Segundo a ministra, a propagação de conteúdos falsos tem sido utilizada de forma intencional para gerar descrença no processo democrático e influenciar de maneira indevida a vontade do eleitor.
O alerta foi feito durante a abertura de um seminário promovido pela Justiça Eleitoral sobre segurança, comunicação e desinformação no processo eleitoral.
Na ocasião, Cármen Lúcia destacou que as tecnologias não são prejudiciais por si mesmas, mas podem causar danos quando usadas de forma inadequada. Para ela, mentiras disseminadas com o uso de ferramentas tecnológicas têm potencial de comprometer a liberdade de escolha do eleitor.
A ministra também criticou tentativas de interferência no processo democrático por meio da manipulação da informação. De acordo com Cármen Lúcia, a dúvida provocada artificialmente corrói as bases de uma eleição legítima e compromete a confiança da sociedade nas instituições.
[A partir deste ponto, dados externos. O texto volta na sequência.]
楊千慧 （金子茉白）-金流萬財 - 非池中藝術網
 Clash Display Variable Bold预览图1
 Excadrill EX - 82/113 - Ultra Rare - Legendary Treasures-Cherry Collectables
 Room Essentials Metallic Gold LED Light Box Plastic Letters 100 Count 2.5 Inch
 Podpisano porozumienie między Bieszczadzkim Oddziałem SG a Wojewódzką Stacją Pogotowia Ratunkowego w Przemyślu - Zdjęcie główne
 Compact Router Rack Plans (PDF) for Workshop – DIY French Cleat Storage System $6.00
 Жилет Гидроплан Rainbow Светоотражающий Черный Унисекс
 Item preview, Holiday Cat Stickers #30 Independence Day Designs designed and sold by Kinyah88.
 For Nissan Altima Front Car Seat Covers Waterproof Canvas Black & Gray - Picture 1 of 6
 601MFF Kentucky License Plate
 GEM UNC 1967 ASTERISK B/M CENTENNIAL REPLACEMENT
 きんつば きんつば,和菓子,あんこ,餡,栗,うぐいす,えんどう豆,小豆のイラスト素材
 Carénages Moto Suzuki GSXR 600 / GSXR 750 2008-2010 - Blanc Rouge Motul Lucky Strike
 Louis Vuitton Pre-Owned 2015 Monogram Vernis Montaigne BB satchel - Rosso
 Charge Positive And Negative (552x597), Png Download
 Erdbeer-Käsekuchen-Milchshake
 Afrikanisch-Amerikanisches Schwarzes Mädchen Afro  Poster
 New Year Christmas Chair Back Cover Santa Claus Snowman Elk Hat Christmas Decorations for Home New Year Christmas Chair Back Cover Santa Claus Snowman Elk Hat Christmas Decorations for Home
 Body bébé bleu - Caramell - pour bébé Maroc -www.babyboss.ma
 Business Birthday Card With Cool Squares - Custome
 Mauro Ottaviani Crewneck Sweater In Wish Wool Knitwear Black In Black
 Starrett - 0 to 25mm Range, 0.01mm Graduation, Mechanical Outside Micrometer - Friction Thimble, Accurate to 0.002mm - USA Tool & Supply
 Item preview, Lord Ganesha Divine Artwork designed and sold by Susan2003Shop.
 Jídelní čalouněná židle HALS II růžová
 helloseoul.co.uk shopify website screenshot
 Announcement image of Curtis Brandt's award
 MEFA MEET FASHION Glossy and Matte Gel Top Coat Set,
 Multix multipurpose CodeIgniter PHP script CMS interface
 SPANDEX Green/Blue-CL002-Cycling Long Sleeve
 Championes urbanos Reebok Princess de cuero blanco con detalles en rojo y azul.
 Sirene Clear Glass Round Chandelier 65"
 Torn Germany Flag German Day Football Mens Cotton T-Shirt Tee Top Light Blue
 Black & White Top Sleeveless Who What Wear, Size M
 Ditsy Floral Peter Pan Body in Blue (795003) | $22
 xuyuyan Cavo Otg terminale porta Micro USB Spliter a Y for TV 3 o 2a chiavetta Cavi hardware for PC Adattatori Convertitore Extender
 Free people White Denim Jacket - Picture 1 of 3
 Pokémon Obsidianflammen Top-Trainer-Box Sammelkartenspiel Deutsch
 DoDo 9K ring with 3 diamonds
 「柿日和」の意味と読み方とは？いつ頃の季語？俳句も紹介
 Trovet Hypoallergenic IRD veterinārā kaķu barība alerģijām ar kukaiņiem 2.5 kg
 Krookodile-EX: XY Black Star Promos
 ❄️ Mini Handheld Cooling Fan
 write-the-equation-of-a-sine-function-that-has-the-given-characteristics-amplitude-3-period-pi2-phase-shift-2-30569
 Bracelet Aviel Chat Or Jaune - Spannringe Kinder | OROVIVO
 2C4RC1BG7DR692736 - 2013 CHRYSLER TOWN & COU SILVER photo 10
Durante o discurso, a presidente do TSE defendeu que o combate à desinformação deve ocorrer de forma firme, porém tranquila, para garantir que o processo eleitoral transcorra sem tumultos ou episódios de violência. Ela reforçou que a eleição precisa assegurar a livre manifestação da vontade popular, sem pressões externas ou ataques à liberdade de escolha.
O seminário é voltado a servidores dos Tribunais Regionais Eleitorais, que se preparam para o próximo ciclo eleitoral. Cármen Lúcia permanece na presidência do TSE até agosto, quando o ministro Nunes Marques deverá assumir o cargo.
As eleições de 2026 terão o primeiro turno realizado em 4 de outubro e o segundo, se necessário, em 25 de outubro. Os eleitores irão escolher presidente da República, governadores, senadores, deputados federais e deputados estaduais ou distritais. Atualmente, o TSE conduz uma consulta pública sobre as regras eleitorais, que devem ser aprovadas até 5 de março, incluindo normas sobre o uso de tecnologias e o enfrentamento à desinformação.